Facilitating heterogeneous effect estimation via statistically efficient categorical modifiers

Daniel R. Kowal
2024-08-01
Abstract:Categorical covariates such as race, sex, or group are ubiquitous in regression analysis. While main-only (or ANCOVA) linear models are predominant, cat-modified linear models that include categorical-continuous or categorical-categorical interactions are increasingly important and allow heterogeneous, group-specific effects. However, with standard approaches, the addition of cat-modifiers fundamentally alters the estimates and interpretations of the main effects, often inflates their standard errors, and introduces significant concerns about group (e.g., racial) biases. We advocate an alternative parametrization and estimation scheme using abundance-based constraints (ABCs). ABCs induce a model parametrization that is both interpretable and equitable. Crucially, we show that with ABCs, the addition of cat-modifiers 1) leaves main effect estimates unchanged and 2) enhances their statistical power, under reasonable conditions. Thus, analysts can, and arguably should include cat-modifiers in linear regression models to discover potential heterogeneous effects--without compromising estimation, inference, and interpretability for the main effects. Using simulated data, we verify these invariance properties for estimation and inference and showcase the capabilities of ABCs to increase statistical power. We apply these tools to study demographic heterogeneities among the effects of social and environmental factors on STEM educational outcomes for children in North Carolina. An R package lmabc is available.
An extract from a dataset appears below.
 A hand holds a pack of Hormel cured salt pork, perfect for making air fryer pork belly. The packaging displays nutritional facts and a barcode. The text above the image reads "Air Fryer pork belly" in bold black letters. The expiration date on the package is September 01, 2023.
Methodology,Statistics Theory,Applications
What problem does this paper attempt to address?
This paper aims to solve the problems faced when using the interaction between categorical variables and continuous or categorical variables (i.e., cat - modifiers) in regression analysis. Specifically, the standard method of introducing cat - modifiers will change the estimated values of the main effects and their interpretations, usually leading to an increase in standard errors and raising significant concerns about group (such as protected groups like race, gender, etc.) bias. The authors propose an alternative parameterization and estimation scheme based on Abundance - Based Constraints (ABCs) to overcome these problems. By using ABCs, the paper demonstrates that under reasonable conditions, adding cat - modifiers not only does not change the estimated values of the main effects but also can improve their statistical power. Therefore, researchers can discover potential heterogeneous effects by including cat - modifiers without compromising the estimation, inference, and interpretability of the main effects. In short, the paper attempts to solve the problem of how to effectively use the interaction between categorical variables and continuous or categorical variables to reveal the heterogeneity in data without sacrificing the quality of the main effect estimation.